Interestingly, when I apply “find” to my test folder, it takes between 26 and 27 seconds regardless of whether I set “-depth” to 3 (the 1,724,231 files), 2 (the 7172 “name” folders), or 1 (the 26 “letter” folders), from which I deduce that it scans the entire contents anyway but only returns the items at the specified level. Very much faster for the first two levels is to use “-maxdepth” as well, which presumably limits the depth of the scan. If your disk hierarchies have deeper levels than those which interest you, it may be an idea to do this. Or you could do it anyway, since the time taken for the deepest level is the same in all cases: “-depth 3”, “-maxdepth 3 -depth 3”, or “-maxdepth 3 -mindepth 3”. Perhaps the “-maxdepth 3 -mindepth 3” pairing is very slightly the fastest, but it’s difficult to be sure.

Thanks Nigel, that’s very helpful. I had figured out that the “depth” argument wasn’t trimming any time, that it had to still be scanning everything. But I hadn’t noticed the “maxdepth” and “mindepth” arguments.

I wonder what the point is of including a “depth” argument that doesn’t stop the scan from going down the tree further than it can possibly return results?

I’ll try again with maxdepth and mindepth arguments and see if that helps,

  • tspoon

I’ve managed to knock five or six minutes off the running time of the script in post #7 by switching to vanilla AppleScript for the things it does faster (ie. building collections and comparing things) and have edited the post accordingly.

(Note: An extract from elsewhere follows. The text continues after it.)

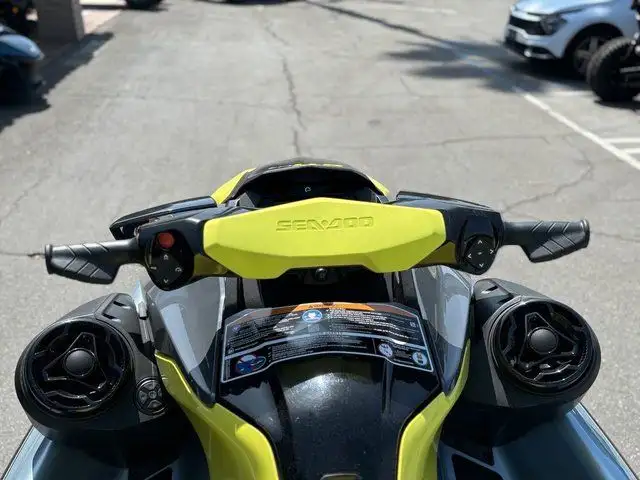 2022 SEA-DOO GTI SE 130 IBR WITH AUDIO-GRAY! in Personal Watercraft in Saskatoon - Image 7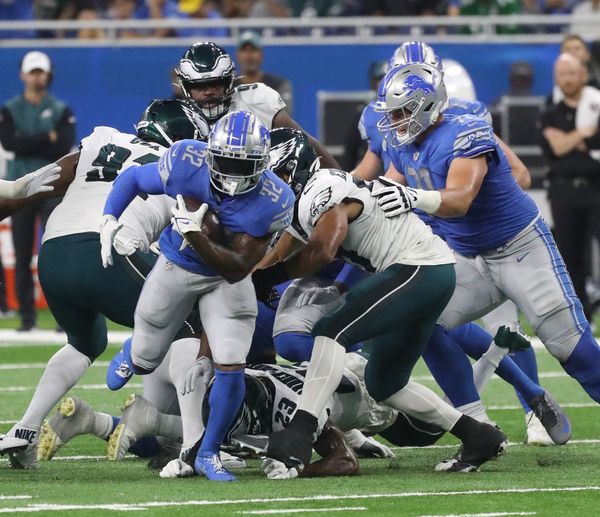 De'Andre Swift trade: Eagles acquire Lions running back in exchange for  draft picks - Bleeding Green Nation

To get round the nanoseconds-difference problem with the modification dates, the script now compares the seconds-granulated differences between the modification dates and a reference date rather than comparing the modification dates directly. This isn’t actually necessary with AppleScript dates, but it adds very little to the running time and is a hedge against AS dates gaining nanosecond “granularity” in the future.

As nobody actually posted a code example using maxdepth, I can’t tell if your attempted statement(s) is being interpreted, however, the function does very clearly limit traversal depth—not just returned values—if used properly. I have demonstrated this in previous posts.